In PPR each vertex has a probability/score representing the likelihood that the random surfer visits that node, in the case where he selects to “teleport”. In PPR the probability of teleportation is also controlled by the damping factor.
The parameter introduced in PPR is often referred to as the restart vector, being a vector of probabilities of length N. N being the number of vertices in the graph.
More effort and research should done in finding the parallell implementation of PPR, most suitable to implement in neo4-graph-algorithms.
The PPR is more personalized than PR, in the sense that the graph walk are biased towards the nodes with high scores in the restart vector. This algorithm has several use cases i.e. recommendation systems, personalized searches, who-follows-who, fraud propagation.

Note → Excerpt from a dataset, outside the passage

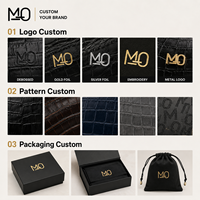 Portefeuille ultra-fin multi-fentes en cuir noir gaufré croco pour cadeaux d'entreprise et programmes d'accessoires de mode
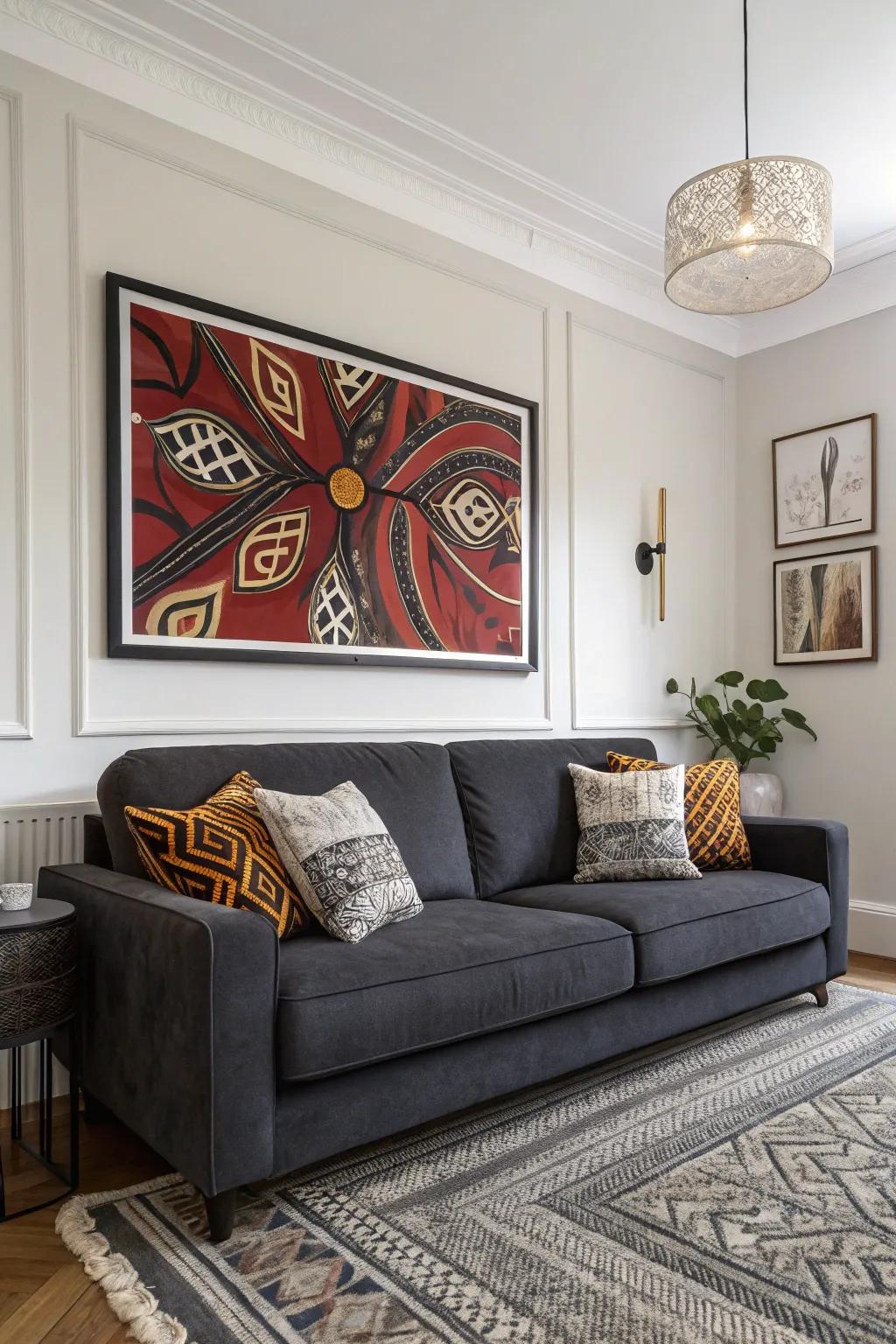 Bold artwork provides a striking center point in a grey couch setting.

My current application of PPR is fraud propagation, and in my opinion it would make sense to support this in neo4j. Both because you now have support for PR. And because neo4j already is powerful when it comes to fraud detection using “pattern matching” with Cypher. PPR support can take this a step further.
Some thoughts on implementation
- The PPR should take a parameter referring to the node property holding the restart probability
- In the case where only a few nodes have restart prob. > 0 some optimisation is necessary. In these sparse scenarios it does not make sense to visit all nodes to fetch the restart prob.
- Consider adding support for weights on edges, this is more relevant for PPR than PR.
- Consider adding support for directed edges. Only following outgoing edges.